Monday, November 8, 2010

How safe is Ruto route to State House?

By DOMINIC ODIPO} SUCCESSION

Which would have been the safest and least expensive route for Mr William Ruto, the ODM Deputy leader and former Higher Education Minister, to take in his quest for the presidency?

Would it have been the route of publicly breaking with party leader and Prime Minister, as he has already done, or would it have been the alternative one of standing by him through the raging political storms and then emerging from his shadow at the very last minute as the most loyal, courageous and credible alternative leader?

If Ruto survives his pending criminal court case and whatever else the Hague-based ICC process finally throws at him, he could yet have to deal with the answer to this question.

In the practice of the art of politics, timing can sometimes be everything. The question of just when a leadership aspirant should finally dump the party leader and begin publicly opposing him or her can count for everything.

ablest, richest

Two examples form recent British parliamentary history could be specifically relevant to Ruto at this stage of his career. The first emerges from the 1980s, while the other one goes way back to the period just before the outbreak of the Second World War.

In the first case, Mr Michael Heseltine, one of Prime Minister Margaret Thatcher’s ablest, richest and most effective Cabinet ministers, decided to take her on directly on what was then known as the Westlands Affair.

Disagreeing publicly with Mrs Thatcher on where certain Royal Air Force helicopters should be procured, Heseltine stalked out of the Cabinet and began challenging Thatcher for the leadership of the Conservative Party. That, in effect, marked the end of Heseltine’s political career.

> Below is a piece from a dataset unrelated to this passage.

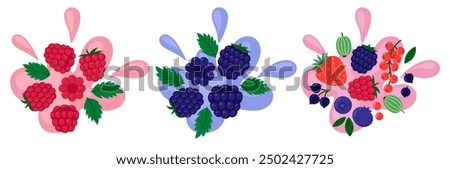 Berries set on abstract background. Cherry, raspberry, blackberry and other berry taste. Fresh summer juicy berry. Flat Vector illustration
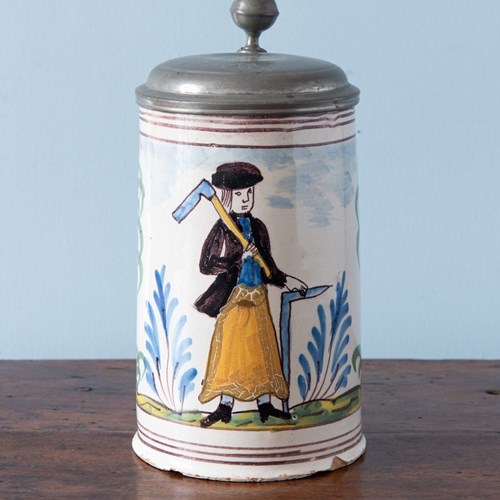 Bayreuth Faience, Pewter Mounted Carpenter Beer Stein, Early 19Th Century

He took on his party leader too early in the game over an issue which did not easily and loudly resonate with British public opinion. To compound the matter, he stalked out, leaving his most formidable political opponent there and with all the strings and trappings of power still at her command.

If Heseltine had remained at Thatcher’s side all the way to 1990 when her grip on the Conservative leadership began to fail, there is very little doubt that he would have succeeded her as leader, instead of the relatively colourless John Major, who went on to become the next British Prime Minister.

Heseltine was very rich, very clever, very handsome, very effective, both on a public platform and on TV. But, apparently mesmeriaed with these formidable assets, he did not know when to break with his party leader and, in the end, that lapse counted for everything.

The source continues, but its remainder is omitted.